▶ _Task requirements_:
In the listing that follows, the range to quote begins at the line that has "Ternero Recría I, Línea Carne, La Lehmann" and ends after the line that has "in Gloucester County, New"; quote it verbatim and add nothing.

▶ _Material provided_:
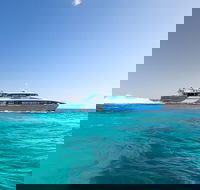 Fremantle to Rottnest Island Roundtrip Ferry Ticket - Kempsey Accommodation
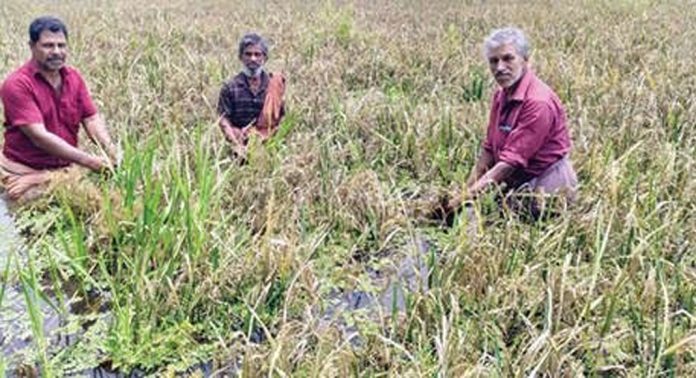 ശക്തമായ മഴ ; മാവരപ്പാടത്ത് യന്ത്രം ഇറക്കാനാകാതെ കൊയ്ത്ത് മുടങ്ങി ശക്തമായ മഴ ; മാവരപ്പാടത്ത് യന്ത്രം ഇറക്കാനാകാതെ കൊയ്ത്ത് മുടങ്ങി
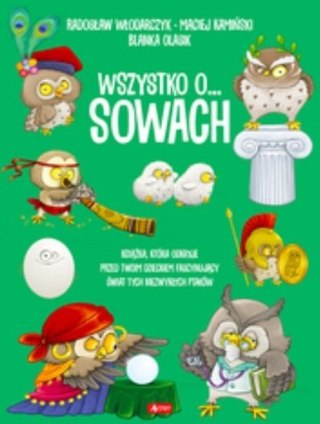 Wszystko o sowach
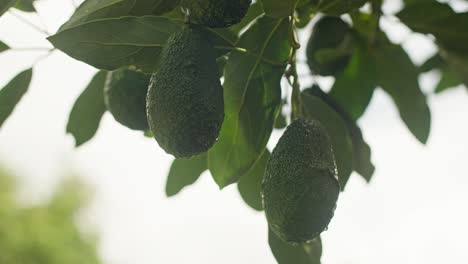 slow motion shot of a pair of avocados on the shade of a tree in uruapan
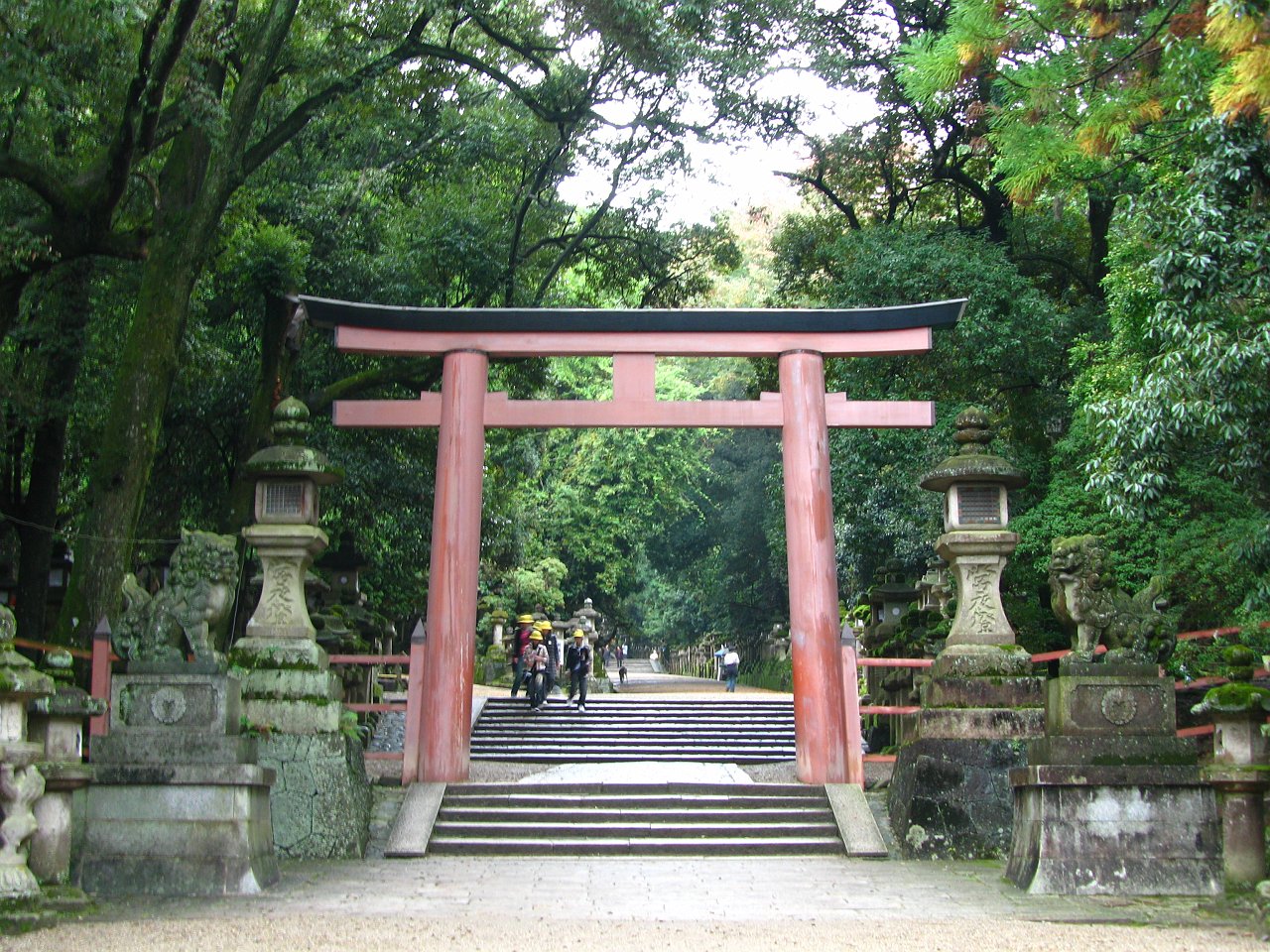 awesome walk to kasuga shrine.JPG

...

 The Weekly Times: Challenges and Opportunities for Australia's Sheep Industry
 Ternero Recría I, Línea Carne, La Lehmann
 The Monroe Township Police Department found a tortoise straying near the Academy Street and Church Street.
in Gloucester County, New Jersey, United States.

* * *

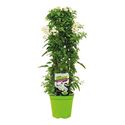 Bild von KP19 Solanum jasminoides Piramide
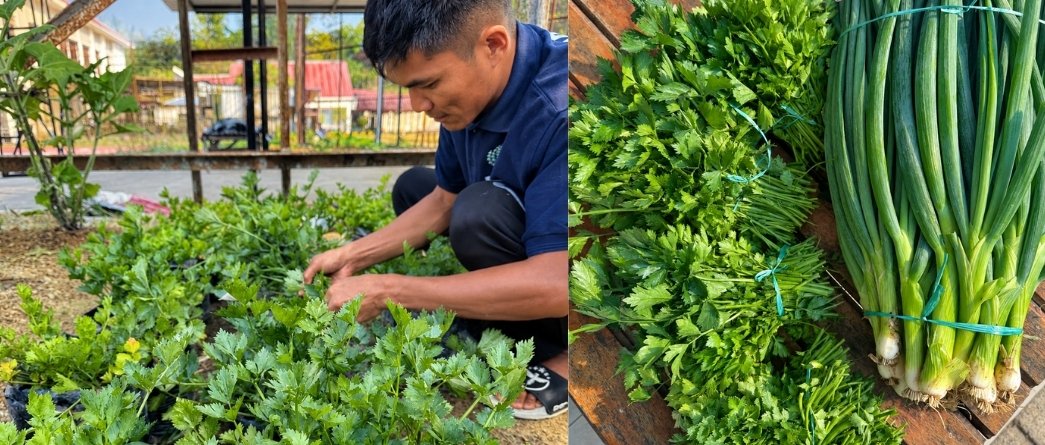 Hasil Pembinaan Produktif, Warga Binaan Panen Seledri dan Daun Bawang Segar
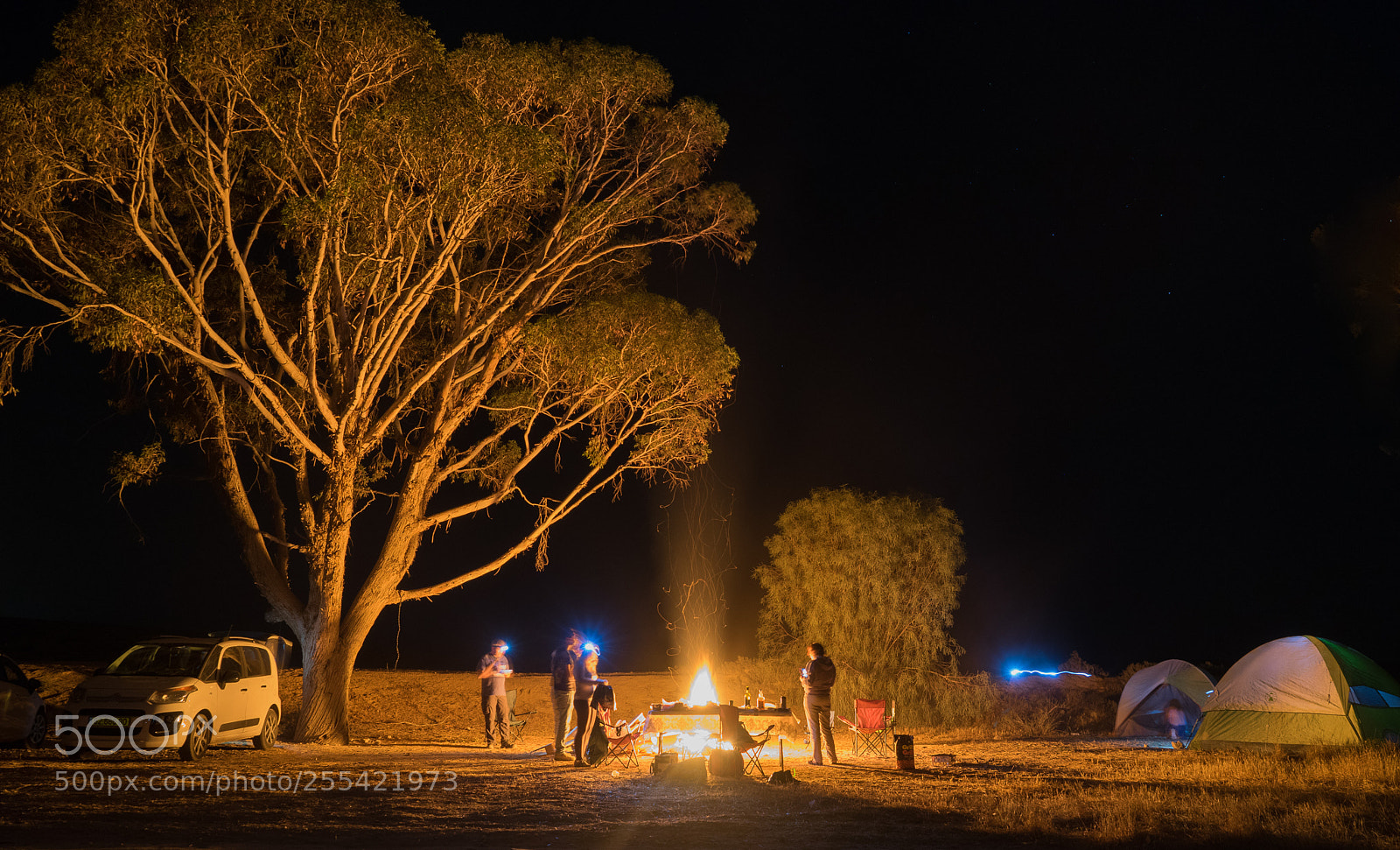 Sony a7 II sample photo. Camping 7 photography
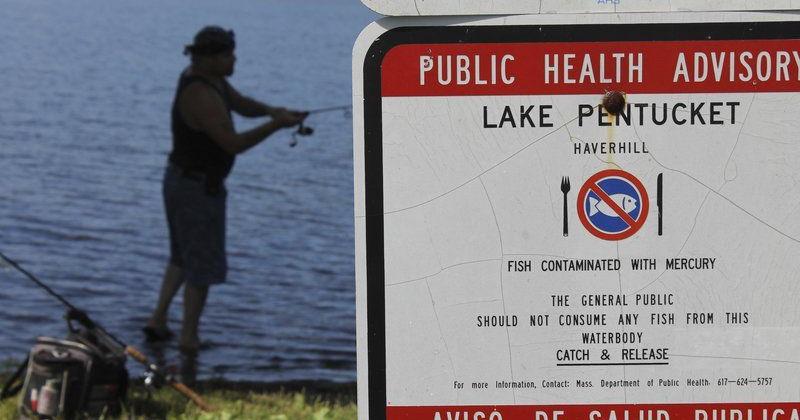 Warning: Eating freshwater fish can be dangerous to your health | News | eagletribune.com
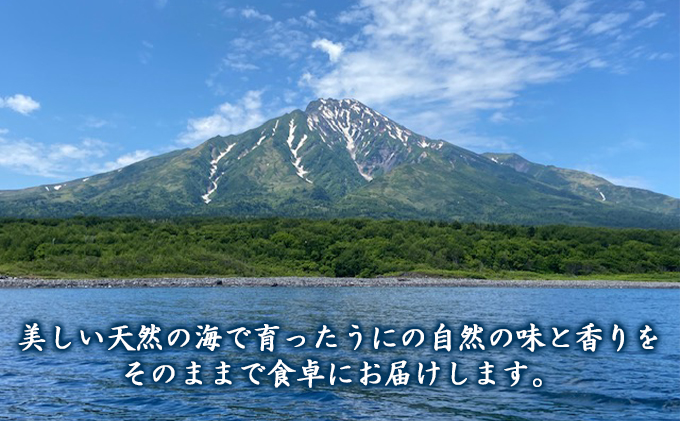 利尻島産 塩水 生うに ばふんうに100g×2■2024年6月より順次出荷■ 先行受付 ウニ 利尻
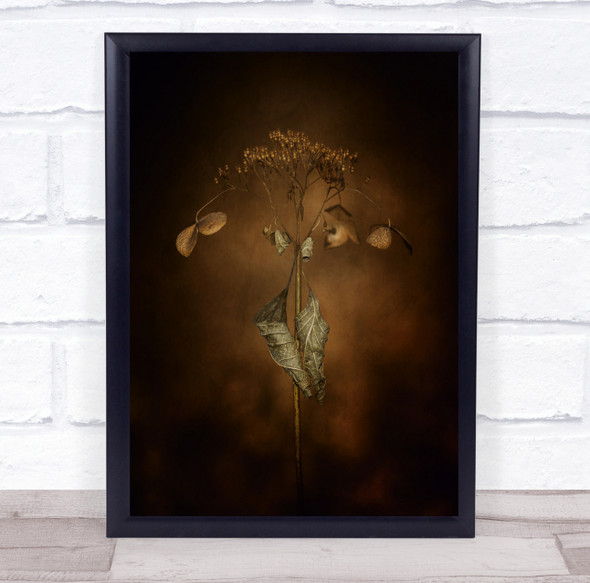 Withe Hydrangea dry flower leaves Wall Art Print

▶ _Problem solution_:
 Ternero Recría I, Línea Carne, La Lehmann
 The Monroe Township Police Department found a tortoise straying near the Academy Street and Church Street.
in Gloucester County, New Jersey, United States.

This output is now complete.